The records should be repeated word for word, pictures excluded.

=== Exercise materials ===

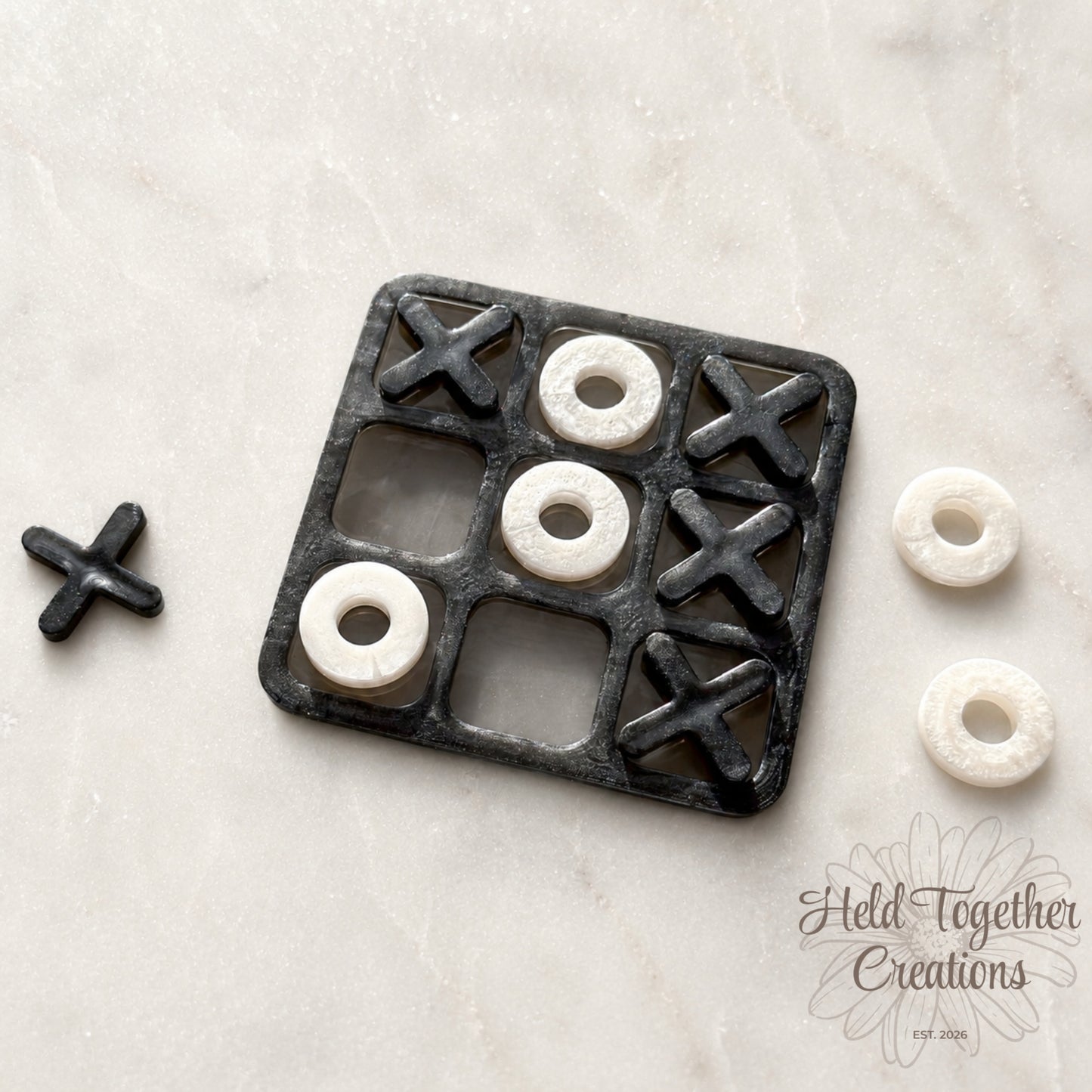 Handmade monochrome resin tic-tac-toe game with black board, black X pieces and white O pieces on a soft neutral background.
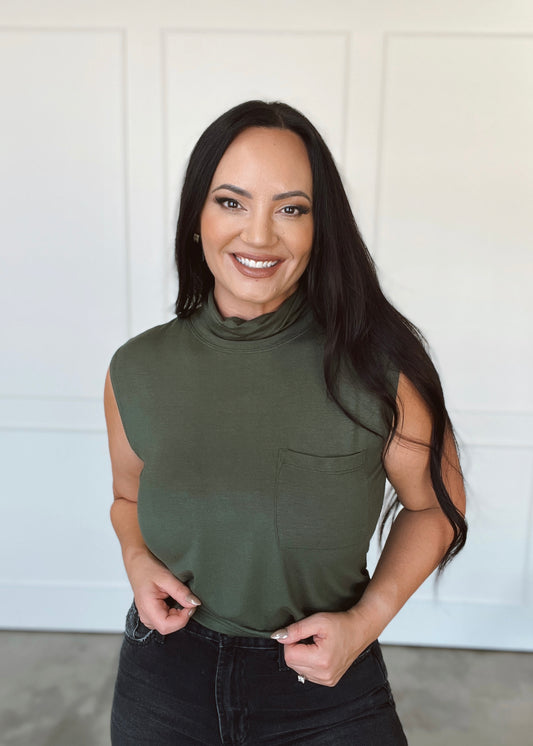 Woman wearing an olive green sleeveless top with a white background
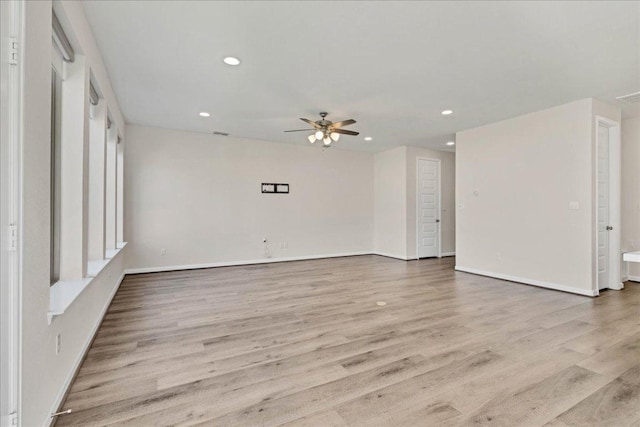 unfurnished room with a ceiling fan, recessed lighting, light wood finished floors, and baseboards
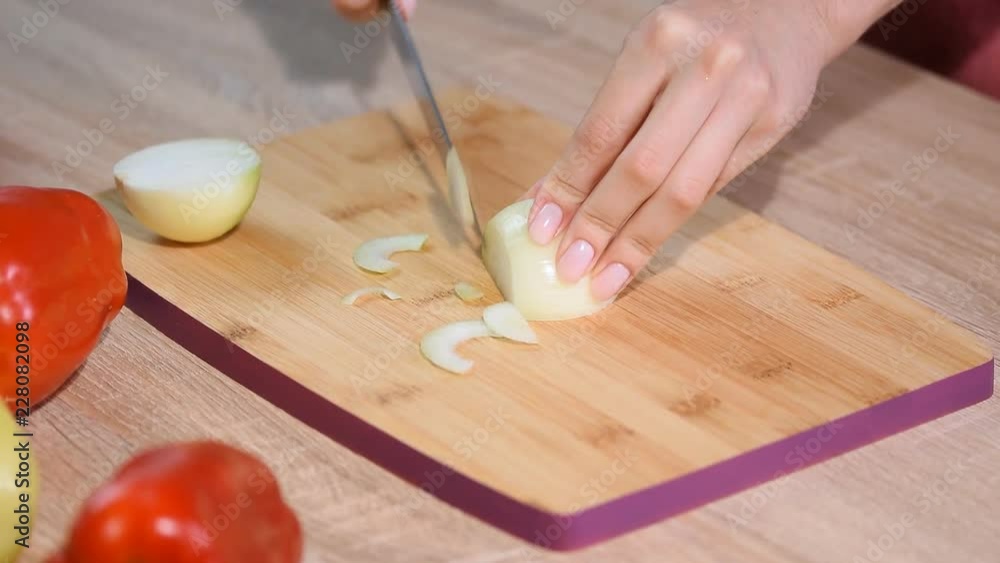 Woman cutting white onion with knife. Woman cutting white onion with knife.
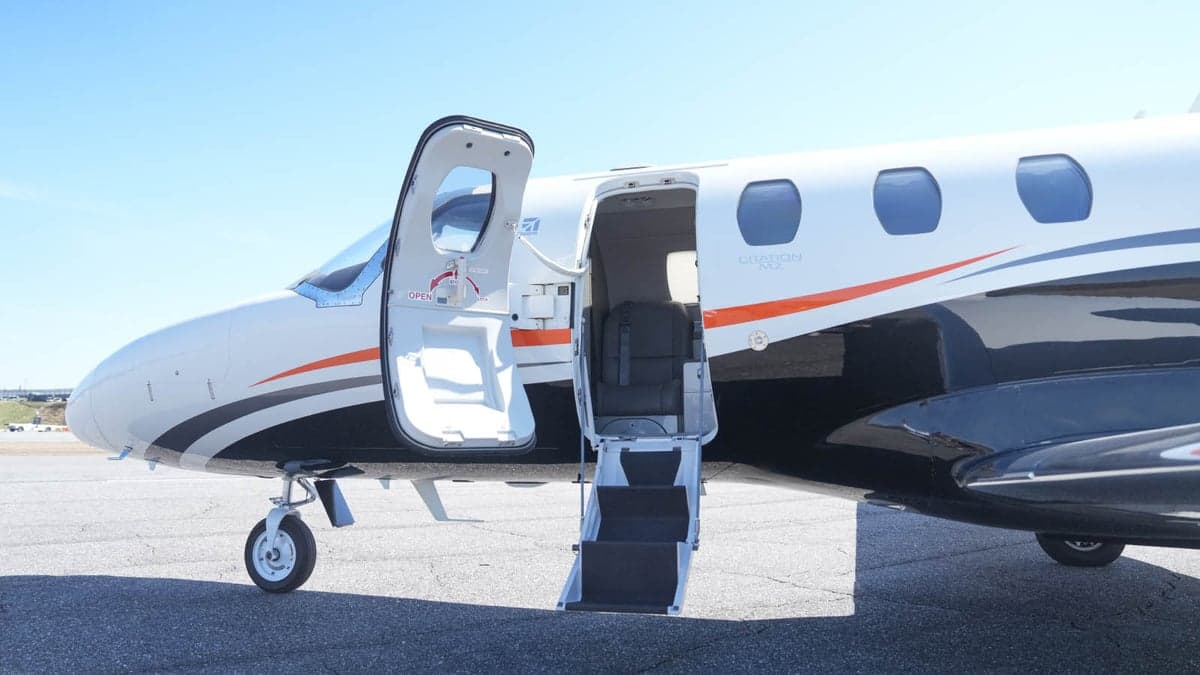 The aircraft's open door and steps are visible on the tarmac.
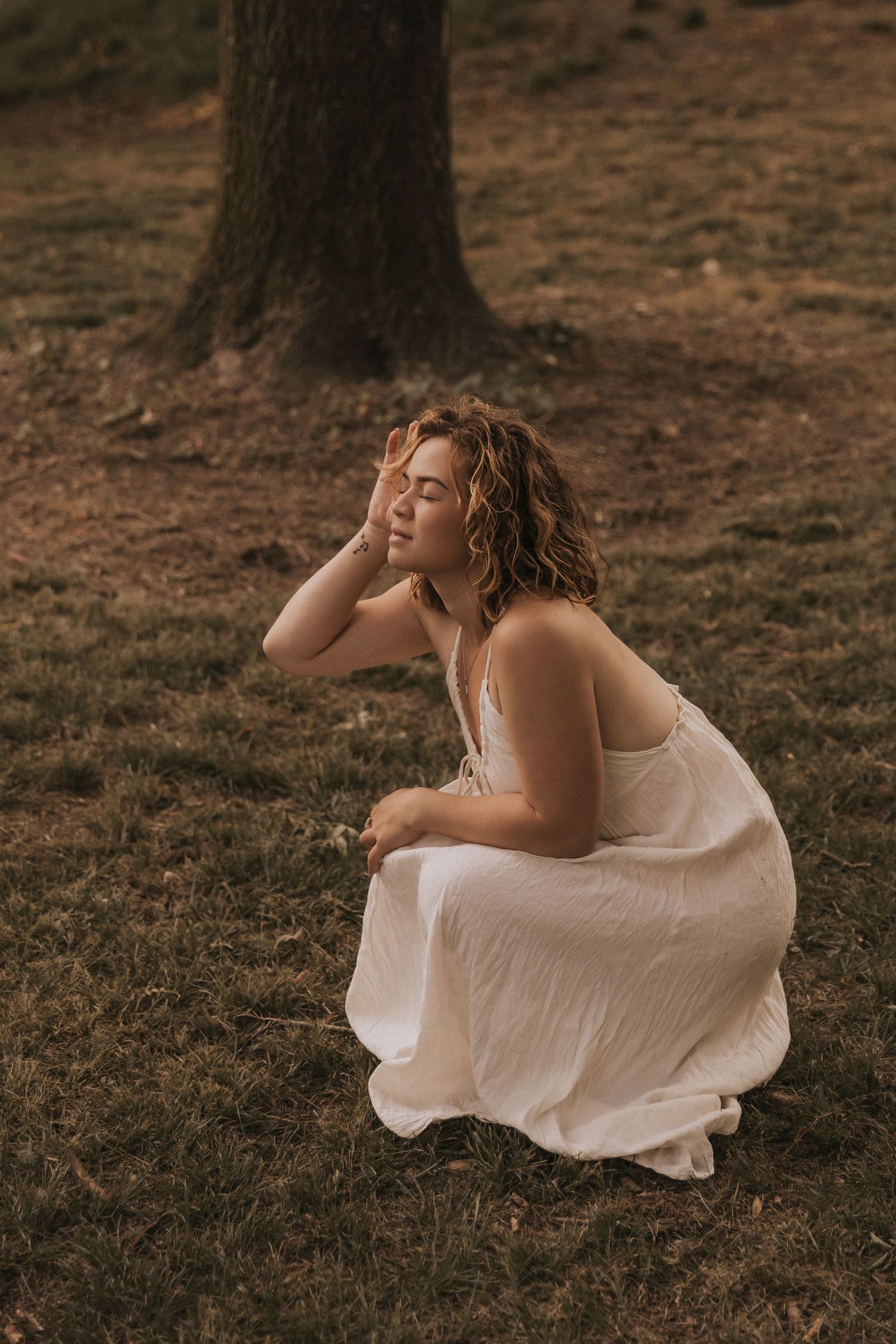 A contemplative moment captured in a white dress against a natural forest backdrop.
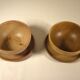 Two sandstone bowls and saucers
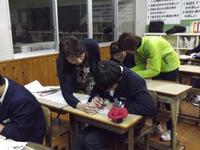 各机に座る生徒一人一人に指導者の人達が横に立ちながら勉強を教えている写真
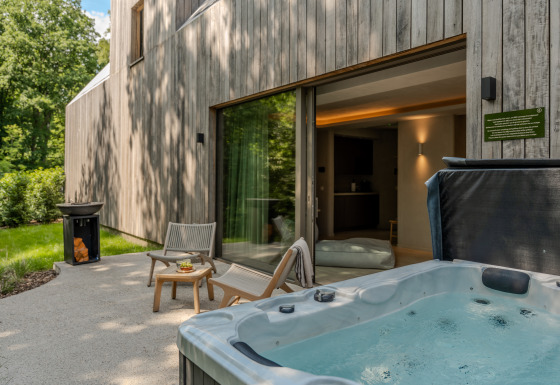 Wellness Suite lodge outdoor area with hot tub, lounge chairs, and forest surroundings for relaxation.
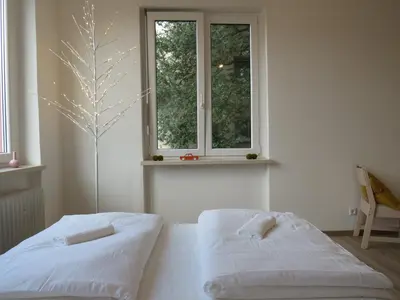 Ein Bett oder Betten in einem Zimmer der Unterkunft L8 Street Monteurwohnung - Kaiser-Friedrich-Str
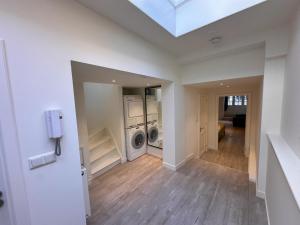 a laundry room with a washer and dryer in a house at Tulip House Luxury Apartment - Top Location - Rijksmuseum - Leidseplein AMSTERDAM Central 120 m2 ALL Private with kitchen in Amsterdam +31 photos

===

Output of the task:
 Handmade monochrome resin tic-tac-toe game with black board, black X pieces and white O pieces on a soft neutral background.
 Woman wearing an olive green sleeveless top with a white background
 unfurnished room with a ceiling fan, recessed lighting, light wood finished floors, and baseboards
 Woman cutting white onion with knife. Woman cutting white onion with knife.
 The aircraft's open door and steps are visible on the tarmac.
 A contemplative moment captured in a white dress against a natural forest backdrop.
 Two sandstone bowls and saucers
 各机に座る生徒一人一人に指導者の人達が横に立ちながら勉強を教えている写真
 Wellness Suite lodge outdoor area with hot tub, lounge chairs, and forest surroundings for relaxation.
 Ein Bett oder Betten in einem Zimmer der Unterkunft L8 Street Monteurwohnung - Kaiser-Friedrich-Str
 a laundry room with a washer and dryer in a house at Tulip House Luxury Apartment - Top Location - Rijksmuseum - Leidseplein AMSTERDAM Central 120 m2 ALL Private with kitchen in Amsterdam +31 photos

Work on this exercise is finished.